Per noi di Lazzarini, questo ritorno è interessante perché racconta molto bene la forza di un marchio capace di rinnovarsi senza perdere identità. B&B Italia non cerca l’effetto immediato, ma continua a lavorare su un’idea precisa di casa: contemporanea, colta, funzionale, costruita attraverso arredi che uniscono ricerca industriale, comfort e qualità formale.

Un ritorno atteso che arricchisce la scena del design italiano
Il Salone del Mobile 2026 segna per B&B Italia un momento di forte valore simbolico. Il brand torna con una collezione ampia, dove convivono nuove proposte, sviluppi di gamma e riedizioni significative.
Non è solo una questione di prodotti. È un modo per riaffermare una visione del design fondata sul dialogo tra presente e memoria. Accanto a nuovi contributi di designer internazionali, trovano spazio anche progetti che appartengono alla storia del marchio e del design italiano.



Lo stand di Formafantasma: il design lasciato respirare
Uno degli aspetti più interessanti è lo stand firmato Formafantasma. Non una casa ricostruita, non una sequenza di ambienti arredati, ma uno spazio architettonico essenziale, fatto di luce, proporzioni e materiali.
Le immagini dello stand raccontano bene questa scelta: quinte in marmo, superfici calde, tappeti materici, un soffitto a griglia che diffonde una luce calma e continua. Tutto sembra pensato per togliere rumore e lasciare emergere gli oggetti.
È una scelta coerente con B&B Italia: il prodotto non viene inserito in una scena già scritta, ma viene osservato per quello che è, nella sua forma, nella sua materia e nella logica che lo ha generato.
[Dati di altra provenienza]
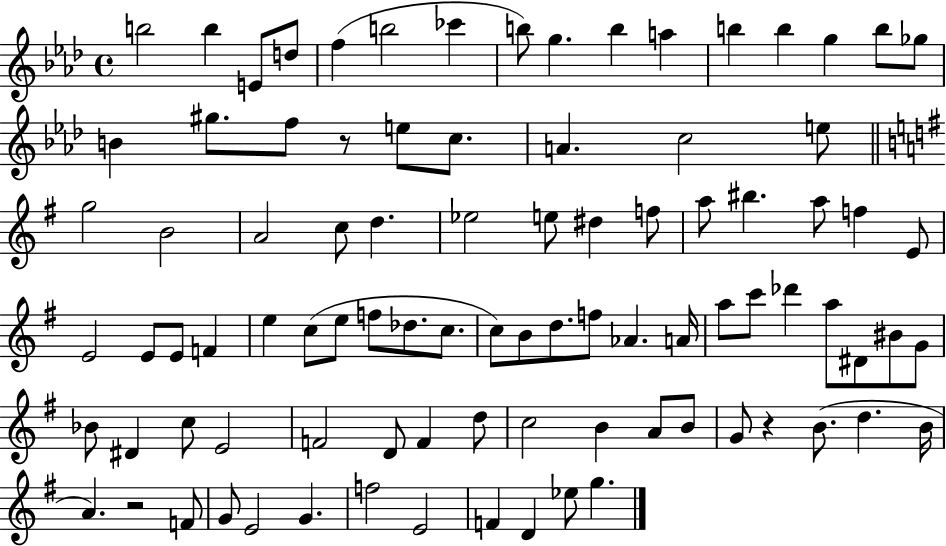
{
  \clef treble
  \time 4/4
  \defaultTimeSignature
  \key aes \major
  b''2 b''4 e'8 d''8 | f''4( b''2 ces'''4 | b''8) g''4. b''4 a''4 | b''4 b''4 g''4 b''8 ges''8 | \break b'4 gis''8. f''8 r8 e''8 c''8. | a'4. c''2 e''8 | \bar "||" \break \key e \minor g''2 b'2 | a'2 c''8 d''4. | ees''2 e''8 dis''4 f''8 | a''8 bis''4. a''8 f''4 e'8 | \break e'2 e'8 e'8 f'4 | e''4 c''8( e''8 f''8 des''8. c''8. | c''8) b'8 d''8. f''8 aes'4. a'16 | a''8 c'''8 des'''4 a''8 dis'8 bis'8 g'8 | \break bes'8 dis'4 c''8 e'2 | f'2 d'8 f'4 d''8 | c''2 b'4 a'8 b'8 | g'8 r4 b'8.( d''4. b'16 | \break a'4.) r2 f'8 | g'8 e'2 g'4. | f''2 e'2 | f'4 d'4 ees''8 g''4. | \break \bar "|."
}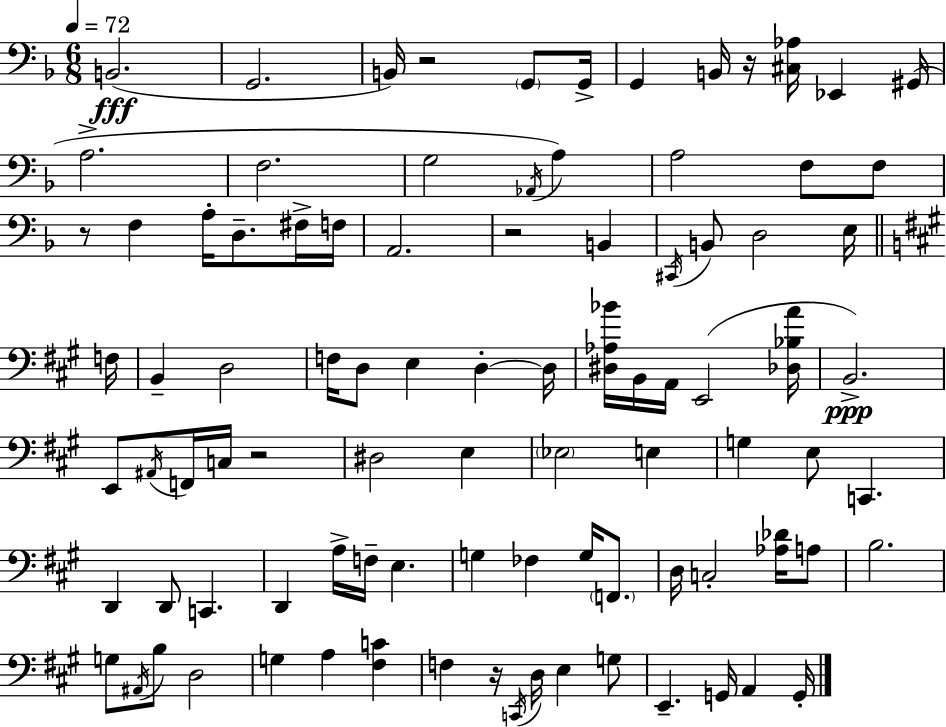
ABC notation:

X:1
T:Untitled
M:6/8
L:1/4
K:Dm
B,,2 G,,2 B,,/4 z2 G,,/2 G,,/4 G,, B,,/4 z/4 [^C,_A,]/4 _E,, ^G,,/4 A,2 F,2 G,2 _A,,/4 A, A,2 F,/2 F,/2 z/2 F, A,/4 D,/2 ^F,/4 F,/4 A,,2 z2 B,, ^C,,/4 B,,/2 D,2 E,/4 F,/4 B,, D,2 F,/4 D,/2 E, D, D,/4 [^D,_A,_B]/4 B,,/4 A,,/4 E,,2 [_D,_B,A]/4 B,,2 E,,/2 ^A,,/4 F,,/4 C,/4 z2 ^D,2 E, _E,2 E, G, E,/2 C,, D,, D,,/2 C,, D,, A,/4 F,/4 E, G, _F, G,/4 F,,/2 D,/4 C,2 [_A,_D]/4 A,/2 B,2 G,/2 ^A,,/4 B,/2 D,2 G, A, [^F,C] F, z/4 C,,/4 D,/4 E, G,/2 E,, G,,/4 A,, G,,/4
Le novità B&B Italia 2026 tra nuovi linguaggi e memoria
La collezione 2026 mette insieme voci diverse. Untitled di Vincent Van Duysen lavora sul rapporto tra struttura e comfort, con un sistema di sedute pensato anche nella versione outdoor. Abaco di Ronan Bouroullec porta al centro il tema della costruzione, con tavoli e sedute in cui materiali e giunti diventano parte visibile del linguaggio.
Accanto a questi progetti, la collezione include:
- Metric di Michael Anastassiades, essenziale e leggero nella struttura;
- Alvar di Antonio Citterio, tra memoria del legno e sensibilità contemporanea;
- Nena di Richard Sapper, riedizione di una poltrona pieghevole del 1984;
- Catilina di Luigi Caccia Dominioni, proposta in una nuova lettura limited edition.







Cosa significa questo ritorno per la casa contemporanea
Nel nostro modo di raccontare l’arredamento, B&B Italia rappresenta bene un’idea di design che non ha bisogno di essere ostentata. È un design che lavora sulla durata, sulla coerenza e sulla relazione tra gli oggetti e la vita quotidiana.
Il ritorno al Salone del Mobile 2026 diventa così più di una notizia: è un’occasione per leggere l’evoluzione di un grande marchio e per capire come la casa contemporanea possa ancora trovare equilibrio tra innovazione, memoria e qualità dell’abitare.